In fact, chief exec of Airbus, Tom Enders, said the aviation company planned to test prototypes by the end of the year.

“One hundred years ago, urban transport went underground,” he said at a tech conference in Germany.

“Now we have the technological wherewithal to go above ground.”

To make it so, three teams across the Airbus Group have taken on the project of delivering a different kind of air travel to what we’re used to with jetliners.

In a nutshell, they’re researching and developing ways to beat street-level traffic by using the airspace above it. Or, as one team put it, “define the future of flight.” Ambitious mission statements aside, they’re trying to create a future where you can use your phone to book a cross-town ride in a helicopter-car thingy that flies itself.

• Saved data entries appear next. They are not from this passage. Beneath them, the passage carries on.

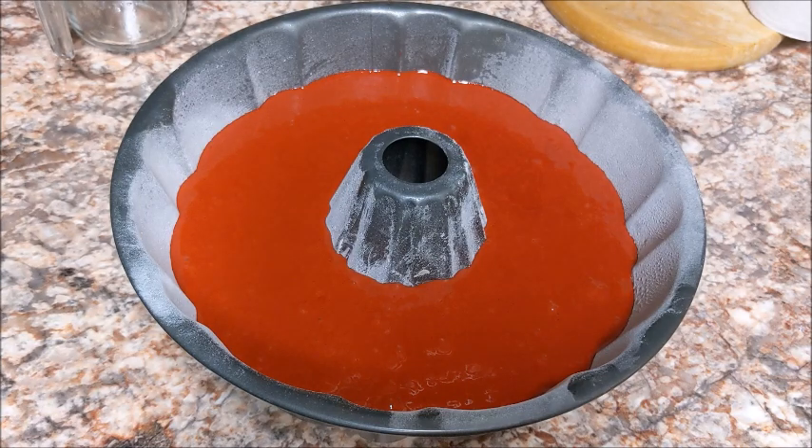Cake is ready to go. We're fixing to put this in the oven for 40 to 45 minutes at 375.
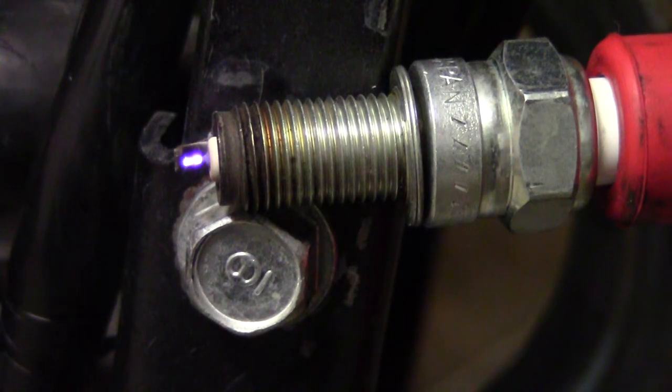Nice eh? Pretty darn good ignition system that comes with a performance pack.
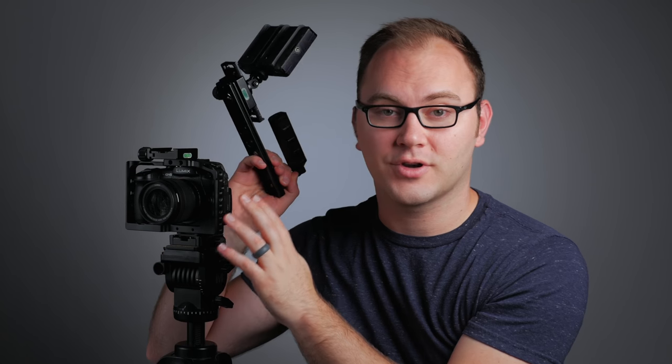Hey guys, this is Caleb with DSLR Video Shooter, and today we're talking about using really affordable parts to create a modular accessory system for your camera setup.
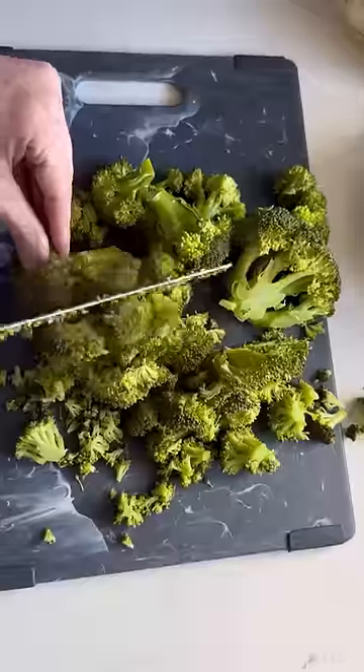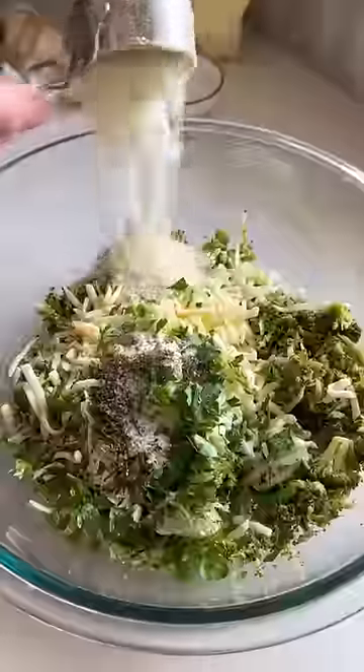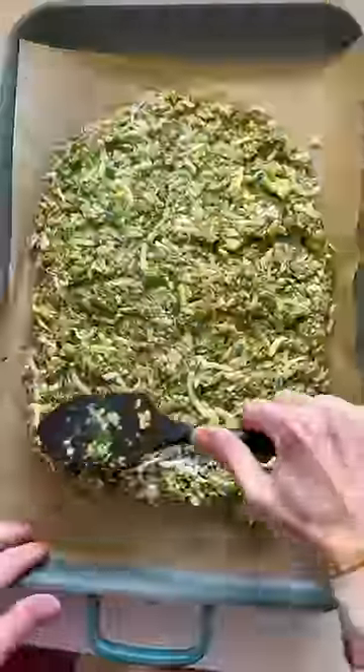Steam your broccoli, chop them tiny, and wring them out. Add in eggs, mozzarella, garlic, parsley, seasonings, and parmesan. Form your crust and bake for 25 minutes.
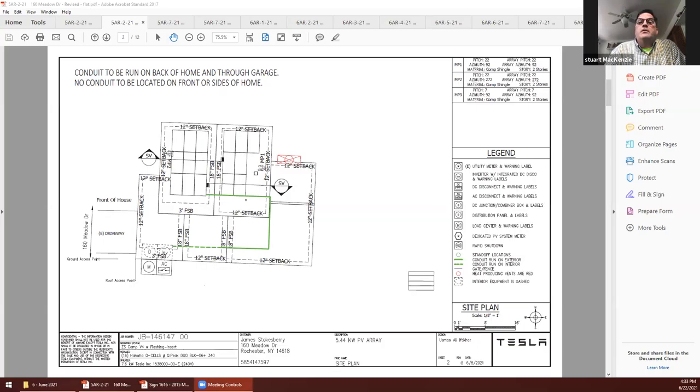Installation of a rooftop solar at 160 Meadow Drive. I'm looking for Danielle — I think I'm here. Okay, Danielle, would you like to go ahead and present? Sure, thank you Jeff for pulling that up. This is the installation of a 5.44 kilowatt roof-mounted solar array. We originally submitted this without the conduit having been hidden. What you're looking at right now is the updated plan set showing that the conduit has been rerouted.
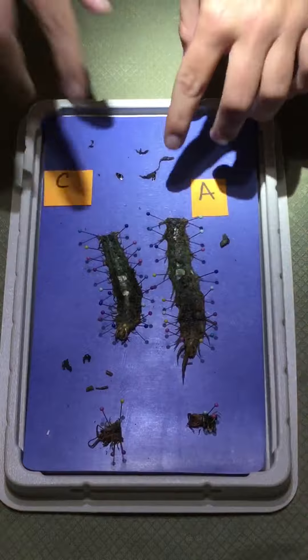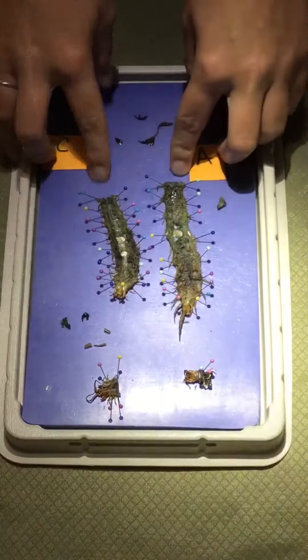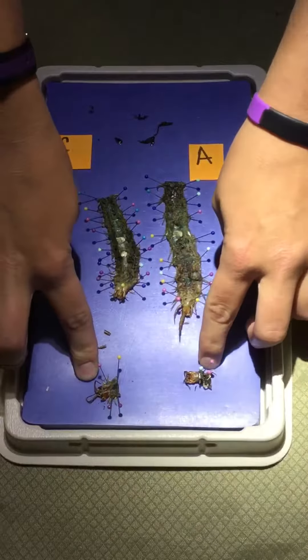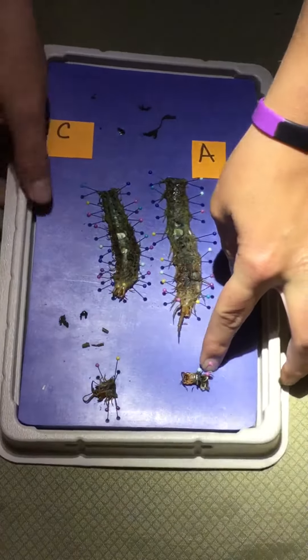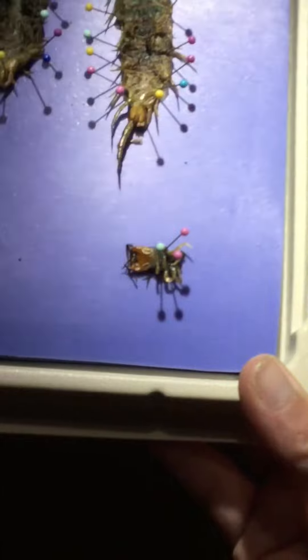As you noticed, we cut off the heads — right here is head C and right here is head A. This one is not cut open, but as we cut open this one you can see inside the head. I'll try to move it.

Yep, that’s right – to make sure the future of flying cars doesn’t end up in a giant, sky-borne explosion, Airbus wants to use the latest autonomous and AI tech to take personal travel to the skies.

The big ideas being bandied about at the moment include a kind of flying bus, where you could use an app to book a seat in an autonomous heli-van. Which sounds like just the thing to get you home after a big night on the town.

Another plan revolves around flying autonomous cars with just one or two seats, akin to an airborne chauffeur. Again, it’d be booked via an app, in the grand Uber tradition.

Finally, there’s a plan to create an autonomous airborne delivery service, where drones – and the architecture to keep them in the sky and out of hedges, jet engines and pedestrians’ faces – would be sold to companies like DHL and Amazon.

As we understand it, Airbus (being an aeronautical concern) is convinced that the future of transport is up in the air. And we’re inclined to agree.